Bei steigenden Verkäufen von Laptops und Smartphones haben wir sechs 12-Jährige gefragt, wie viel Zeit sie vor einem Bildschirm verbringen.

Mimi Scholes ist die Tochter von Adam, Creative Director bei der Werbeagentur JWT.

Mimis Mutter Rachael starb im Januar 2012 an Krebs. Mimi hat eine jüngere Schwester, Alberta, und lebt in London.

Mimi liebt es einzukaufen. Sie verbringt ihre Zeit damit, sich in verschiedenen Outfits zu stylen und Fotos und Videoclips aufzunehmen, die sie auf ihre Facebook-Seite, ihren Instagram-Account und Keek, einen anderen sozialen Netzwerkdienst, der wie Instagram für Videos ist, hochlädt. Aber Sie können nur 36-Sekunden-Videos machen. Wenn ich also einkaufen gehe und "Keek", was ich an diesem Tag gekauft habe, mache ich das in Teilen: Teil eins, Teil zwei ... '

Wie fünf der sechs Kinder, die für diesen Artikel befragt wurden, ist Mimi auf Facebook, obwohl das Mindestalter für die Teilnahme an der Website 13 beträgt. Ihr Vater spiegelt die Gefühle vieler anderer Eltern von Tweenagern wider. „Viele Freunde von Mimi hatten bereits einen Facebook-Account, als Mimi fragte, ob sie sich anmelden könne. Sie ist sehr kontaktfreudig und es wäre unfair gewesen, nein zu sagen. '

Mimi sagt, sie verbringe "viel" Zeit mit dem alten Apple MacBook ihres Vaters. "Sie hat meine so oft benutzt, dass ich mir eine von der Arbeit ausleihen musste", sagt Adam. "Ich könnte dort sitzen und zwei Stunden damit verbringen", fügt Mimi hinzu. „Mein Vater mag es nicht, wenn ich ewig verbringe. Er wird sagen: "Oh, Mimi, komm und mach etwas anderes." Er ist nicht zu streng. Ich bin wirklich nicht so schlimm. ' Sie sagt, sie verbringe "durchschnittlich" viel Zeit mit Fernsehen. "Wenn ich von der Schule zurückkomme, schalte ich vielleicht eine Stunde lang den Fernseher ein."

Mimi hat ein BlackBerry. "Jeder einzelne meiner Freunde hat ein BlackBerry." Sie hätte gerne ein iPhone, aber im Moment stehle ich das meines Vaters. Ich habe viele Justin Bieber-Apps heruntergeladen, zum Beispiel eine, in der Sie ihn verkleiden und kleine Outfits für ihn auswählen können. Mimis meistgesuchte Begriffe bei Google sind "Justin Bieber" und "Facebook". "Auch wenn ich nicht auf Facebook gehen möchte, tippe ich Facebook ein und frage:" Ups, ich habe Facebook eingegeben. " Aber [Facebook] wird etwas langweilig. Ich bevorzuge Keek. '

Mimi interessiert sich nicht für Spiele. "Wir hatten eine Wii und haben sie nie benutzt", sagt sie. 'Jungs spielen alle Call of Duty. Wann immer ich zum Haus meiner Freundin gehe, spielt ihr Bruder, der 13 ist, es. Ich habe ihn noch nie gesehen. Fernsehen und Computer machen nicht zu süchtig, aber Dinge wie [Call of Duty] können Ihr Gehirn verderben. '

Lara Bulloch ist die Tochter von Katharina, einer Verlegerin, und Jamie, einer Literaturübersetzerin.
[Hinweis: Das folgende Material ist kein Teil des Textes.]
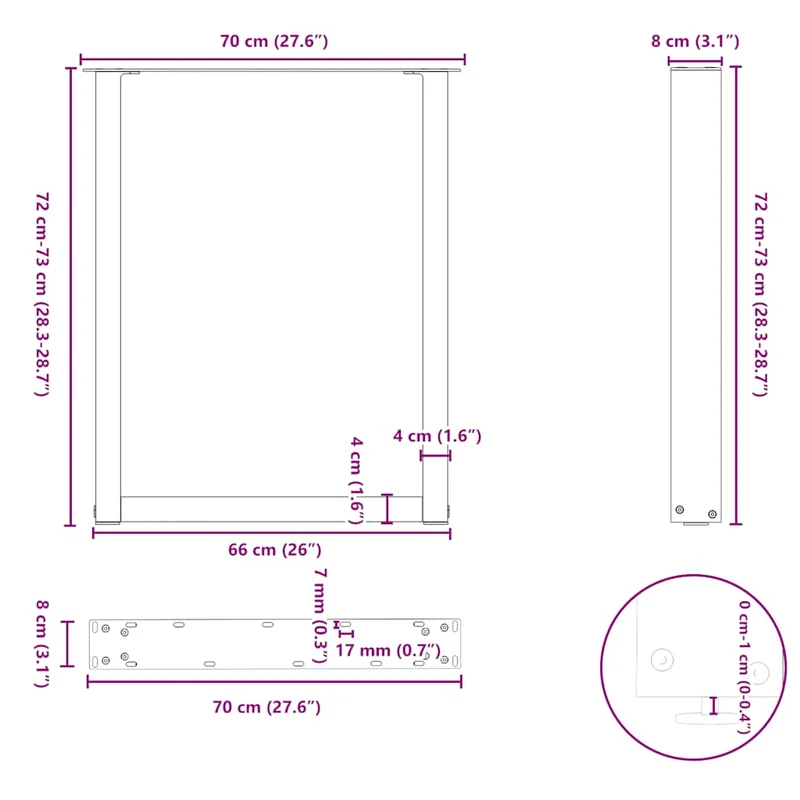 Dining Table Legs U-Shaped 3 pcs Anthracite 70x(72-73) cm Steel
Sie hat zwei jüngere Schwestern, Evie und Connie. Sie lebt in London.

„Ich benutze den Computer ziemlich oft, aber eigentlich nur für Hausaufgaben. Ich glaube nicht, dass ich zu viel Zeit vor Bildschirmen verbringe “, sagt Lara. Sie denkt, dass ihre Bildschirmzeit für Kinder in ihrem Alter - zwischen einer Stunde und anderthalb Stunden am Tag - „ungefähr durchschnittlich“ ist und wahrscheinlich weniger als für ihre Freunde.

Lara ist nicht auf Facebook, was für jemanden in ihrem Alter ungewöhnlich ist (eine Studie der New York University in 2011 schätzt, dass 55-Prozent der 12-Jährigen auf Facebook registriert waren, während eine Umfrage unter Kindern in Großbritannien 34-Prozent ergab. Facebook erwägt seit einiger Zeit, die Altersgrenze zu senken. Lara sagt: „Viele meiner Freunde haben über ihr Alter gelogen und Facebook bekommen, aber das will ich nicht. Mir gefällt der Gedanke nicht, mit zwei Kindern so zu tun, als wäre ich 21 - ich würde mich ein bisschen schlecht fühlen. '

Es gibt keine festgelegten Regeln für die Bildschirmzeit in Laras Haus, aber sie wird angewiesen, ein Gerät auszuschalten, wenn ihre Eltern der Meinung sind, dass sie zu lange darauf war. "Früher passierte das mehr, besonders beim Fernsehen", sagt Lara. Ich habe es mir jeden Samstagmorgen angesehen. Dad ist immer reingekommen, hat es ausgeschaltet und den Stecker gezogen. « Derzeit sieht sie jede Woche ein oder zwei Stunden fern, meistens an einem Freitag nach der Schule. "Es ist ziemlich entspannend, am Freitag fernzusehen", sagt sie. "Aber das Problem beim Fernsehen ist, dass Sie denken, Sie würden nur eine Sendung sehen, aber am Ende sehen Sie die nach und die nach."

Die Familie hat einen Gemeinschaftscomputer, mit dem die Mädchen Hausaufgaben recherchieren können, und ein iPad, über das Lara zugibt, mit ihren Schwestern "nur ein bisschen" gestritten zu haben. Auf dem iPad mag ich Dinge wie Temple Run und Doodle Jump «, sagt Lara.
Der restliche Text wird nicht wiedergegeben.